Alderwoods Group, Inc.
311 Elm Street, Suite 1000
Cincinnati, Ohio 45202
Jones Day
77 W. Wacker, Suite 3500
Chicago, Illinois 60601
    Re:
    $200,000,000 of 73/4% Senior Notes due 2012 ("Exchange Notes")
    Our File No. 236.0004

Ladies and Gentlemen:

        We have acted as special local counsel for Alderwoods (Idaho), Inc., an Idaho corporation (the "Covered Guarantor"), in connection with the issuance of the Exchange Notes and the execution and delivery of the guarantee obligations of the Covered Guarantor with respect to the Exchange Notes ("Exchange Guarantee"), pursuant to the Registration Rights Agreement dated August 19, 2004 (the "Registration Rights Agreement"), by and among Alderwoods Group, Inc., a Delaware corporation and a direct or indirect parent of the Covered Guarantor (the "Company"), the subsidiary guarantors, including the Covered Guarantor, listed on Schedule A thereto (the "Guarantors"), and Banc of America Securities LLC and Morgan Stanley & Co. Incorporated (collectively, the "Initial Purchasers"). Except as otherwise defined herein, capitalized terms used in this opinion but not otherwise defined herein are used as defined in the Registration Rights Agreement.

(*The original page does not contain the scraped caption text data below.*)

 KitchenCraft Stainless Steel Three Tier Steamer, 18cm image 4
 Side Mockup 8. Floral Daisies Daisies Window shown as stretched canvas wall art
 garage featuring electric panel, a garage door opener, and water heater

        In connection with the opinions expressed herein, we have examined such documents, records, and matters of law as we have deemed relevant or necessary for purposes of this opinion. These documents and records also included unexecuted copies or counterparts of the following documents (the documents referred to as items 1. through 4. are collectively referred to herein as the "Transaction Documents"):

    1.
    Purchase Agreement dated August 5, 2004, by and among the Company, the Guarantors and the Initial Purchasers;

    2.
    Registration Rights Agreement;

    3.
    Indenture dated August 19, 2004, among the Company, the Guarantors and Wells Fargo Bank, N.A.;

    4.
    Form of Notation of Guarantee (i.e., the form of the Exchange Guarantee);

    5.
    Officer's Certificate of Alderwoods (Idaho), Inc., dated the date hereof;

    6.
    Unanimous Written Consent of Certain Subsidiaries of Alderwoods Group, Inc. (including the Covered Guarantor), dated July 22, 2004;

    7.
    Certificate of Existence and Good Standing of the Covered Guarantor from the State of Idaho, Office of the Secretary of State, dated the date hereof;

    8.
    Certificate from the State of Idaho, Office of the Secretary of State, dated April 18, 2005, certifying as to a full, true and complete duplicate of the Articles of Incorporation of the Covered Guarantor;

    9.
    Bylaws of the Covered Guarantor; and

    10.
    Incumbency Certificate of the Secretary of Certain Subsidiaries of Alderwoods Group, Inc., dated August 19, 2004.

ASSUMPTIONS

        In rendering this opinion, we have assumed, without having made any independent investigation of the facts, except with respect to matters of Idaho law on which we have opined below, the following:

            (i)    the genuineness of all signatures, the authenticity of all documents submitted to us as originals and the conformity with originals of all documents submitted to us as unexecuted copies or counterparts;

            (ii)   to the extent that the obligations of the Covered Guarantor may be dependent upon such matters, other than with respect to the Covered Guarantor, that each party to the agreements and contracts referred to herein is duly formed, validly existing and in good standing under the laws of its jurisdiction of formation; that each such other party has the requisite corporate or other organizational power and authority to perform its obligations under such agreements and contracts, as applicable; and that such agreements and contracts have been duly authorized, executed and delivered by, and each of them constitutes the legally valid and binding obligations of, such other parties, as applicable, enforceable against such other parties in accordance with their respective terms;

            (iii)  that the Registration Statement will be properly and effectively filed under the Securities Act and the Exchange Notes will be properly executed and exchanged for the Initial Notes in accordance with the Securities Act, all other laws and regulations related to the issuance of securities, and the Transaction Documents, and, furthermore, as a result of the assumptions set forth in this clause (iii), we set forth herein no opinion related to any state, federal or other laws or regulations in any way related to the issuance, registration, offering or sale of securities; and

            (iv)  that all material factual matters, including without limitation, representations and warranties, contained in the Transaction Documents, are true and correct as set forth therein.

OPINIONS

        Based upon the foregoing, and subject to the further assumptions, qualifications and limitations set forth herein, we are of the opinion that:

            1.     The Covered Guarantor is a corporation validly existing and in good standing under the laws of Idaho.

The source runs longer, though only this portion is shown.